### TASK DETAILS
Begin at the top of the following data. Copy each line exactly until you have copied the line containing "Roseate Spoonbill - John".

===== SUPPLIED RECORDS =====

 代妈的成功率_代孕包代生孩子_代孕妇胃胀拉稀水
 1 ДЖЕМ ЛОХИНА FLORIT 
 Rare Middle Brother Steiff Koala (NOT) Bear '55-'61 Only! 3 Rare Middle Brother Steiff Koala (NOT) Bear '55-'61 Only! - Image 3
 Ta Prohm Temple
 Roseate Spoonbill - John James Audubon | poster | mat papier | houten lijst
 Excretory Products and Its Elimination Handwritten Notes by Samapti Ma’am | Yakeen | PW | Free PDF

=====

### ANSWER TO THE EXERCISE
 代妈的成功率_代孕包代生孩子_代孕妇胃胀拉稀水
 1 ДЖЕМ ЛОХИНА FLORIT 
 Rare Middle Brother Steiff Koala (NOT) Bear '55-'61 Only! 3 Rare Middle Brother Steiff Koala (NOT) Bear '55-'61 Only! - Image 3
 Ta Prohm Temple
 Roseate Spoonbill - John James Audubon | poster | mat papier | houten lijst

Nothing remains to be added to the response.